→ **ASSIGNED TASK**
Copy out the entire listing below exactly, but without its pictures.

→ **EXTRACTED INFORMATION**

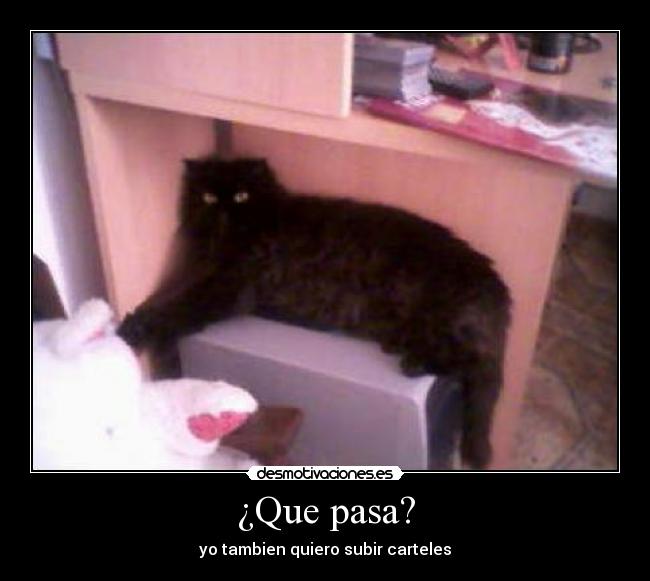 ¿Que pasa? - yo tambien quiero subir carteles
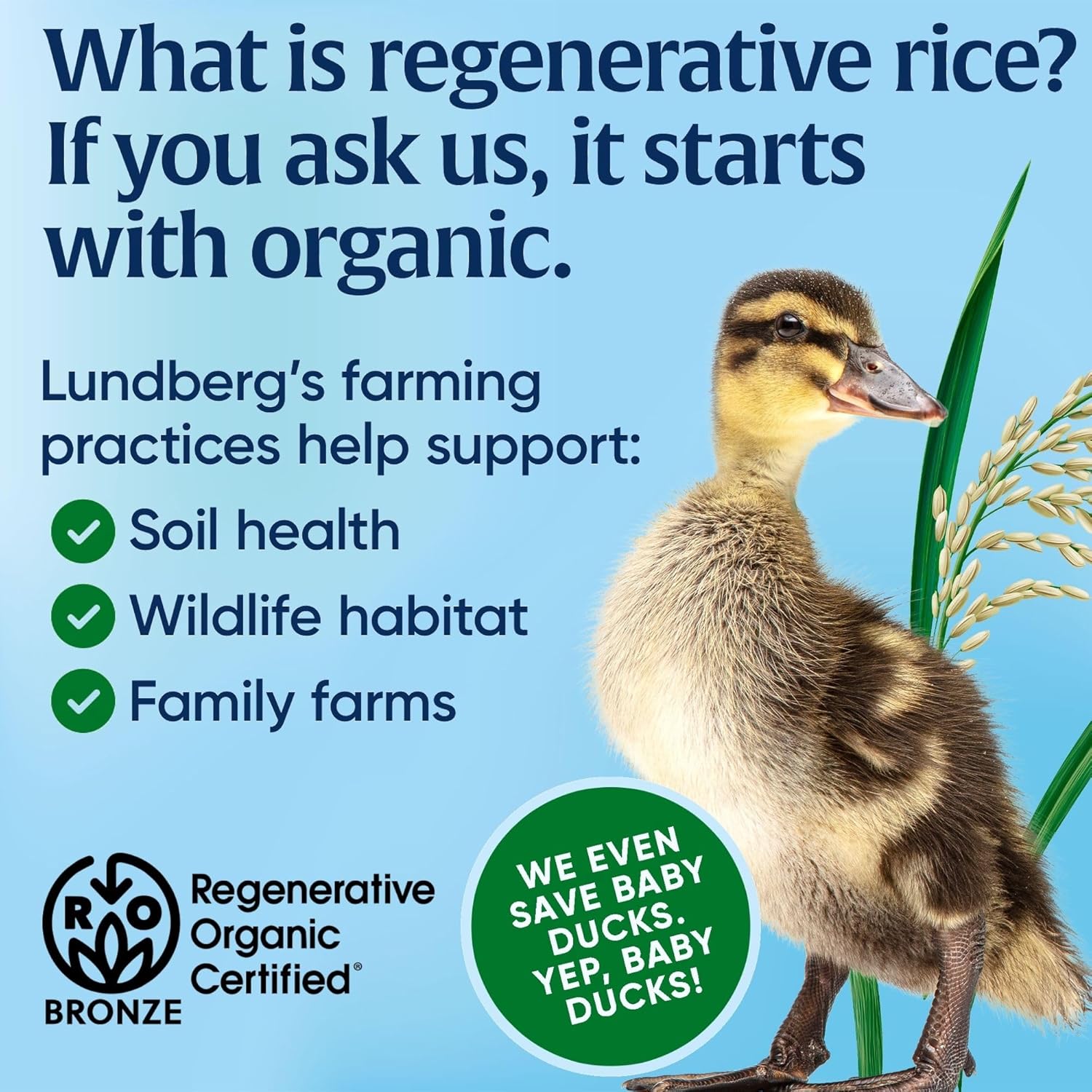 Lundberg_Family_Farms_Organic_Jasmine_Rice,_California_White,_32_Ounce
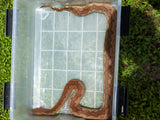 Load image into Gallery viewer, Female Solomon Island Ground Boa - Red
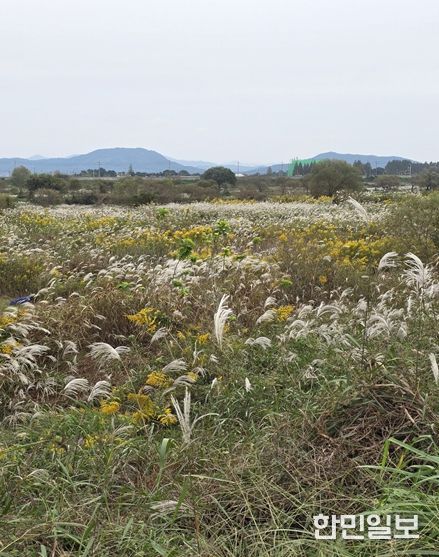 장록습지 내 개화 중인 양미역취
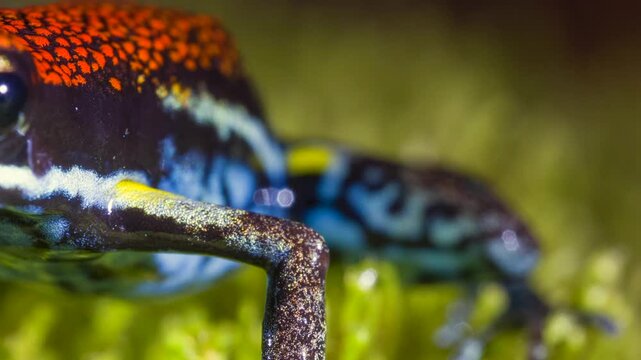 Ecuadorian Poison Frog (Ameerega bilinguis), Close-up. In rainforest, Orellana province, Ecuador.
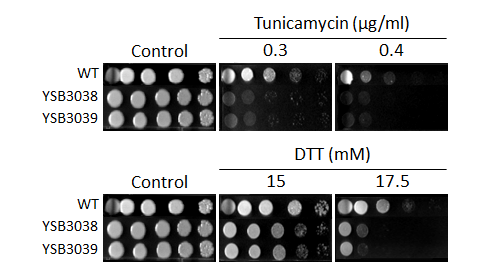 ER stress phenotype for CNAG_06086T0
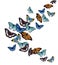 Watercolor butterflyes on the white background.es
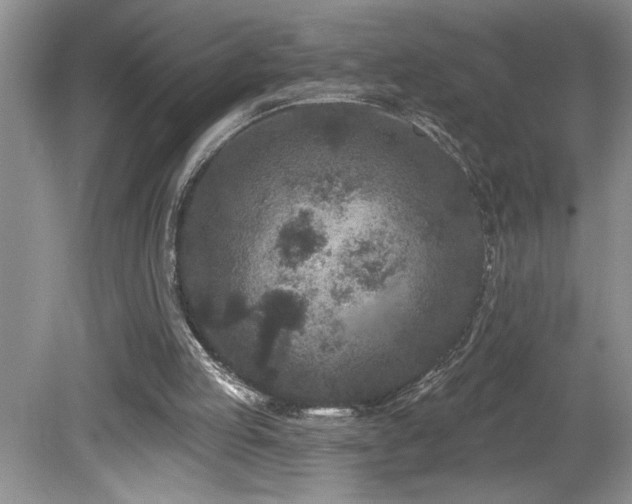 X0000080180053200612081412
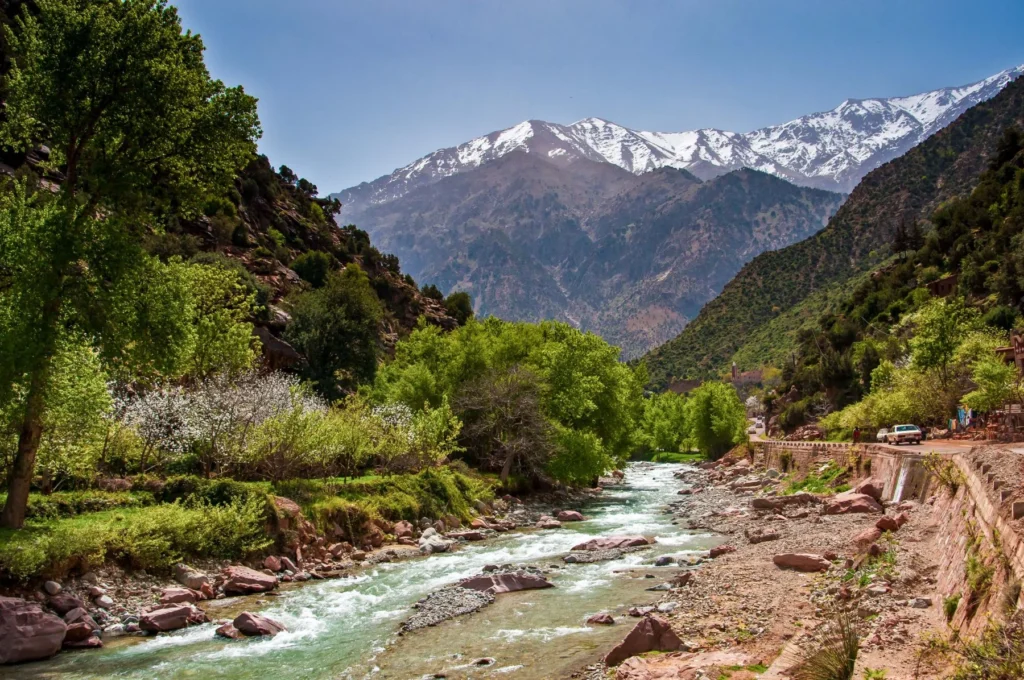 A narrow mountain stream running through rocky terrain lined with lush trees.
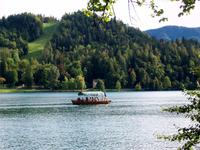 Bled 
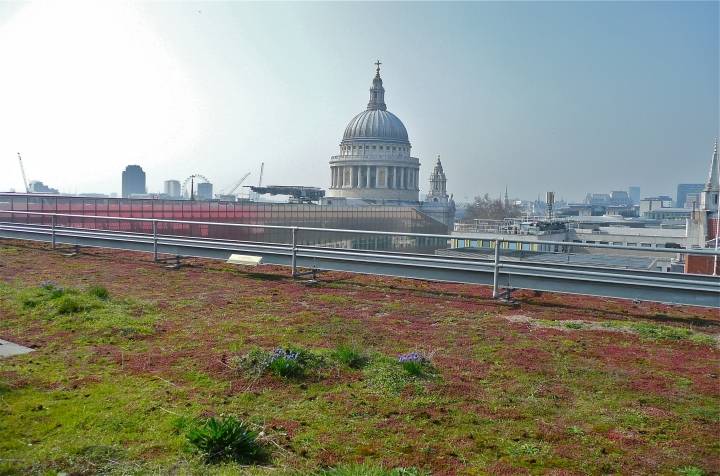London Green Roof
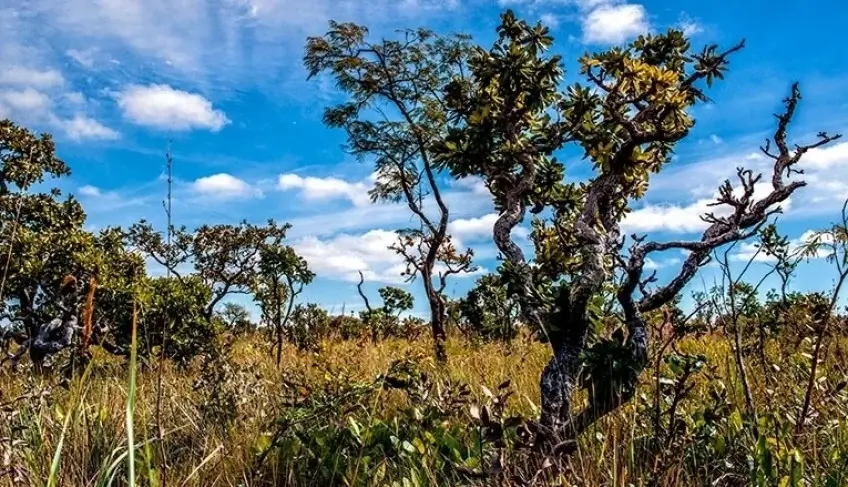 ASN Minas Gerais - Agência Sebrae de Notícias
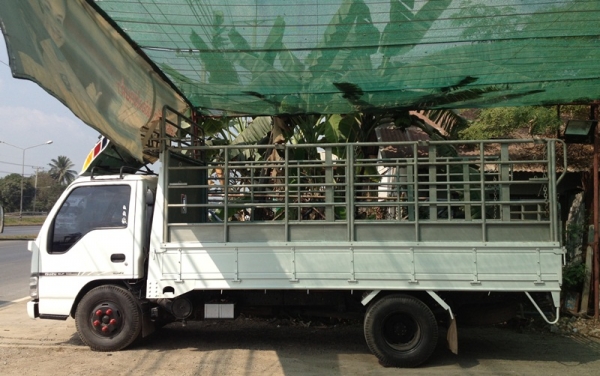 NKR 130  ปี2550  รถสวยพร้อมใช้งาน ไม่มีผุ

→ **RESPONSE**
 ¿Que pasa? - yo tambien quiero subir carteles
 Lundberg_Family_Farms_Organic_Jasmine_Rice,_California_White,_32_Ounce
 Load image into Gallery viewer, Female Solomon Island Ground Boa - Red
 장록습지 내 개화 중인 양미역취
 Ecuadorian Poison Frog (Ameerega bilinguis), Close-up. In rainforest, Orellana province, Ecuador.
 ER stress phenotype for CNAG_06086T0
 Watercolor butterflyes on the white background.es
 X0000080180053200612081412
 A narrow mountain stream running through rocky terrain lined with lush trees.
 Bled 
London Green Roof
 ASN Minas Gerais - Agência Sebrae de Notícias
 NKR 130  ปี2550  รถสวยพร้อมใช้งาน ไม่มีผุ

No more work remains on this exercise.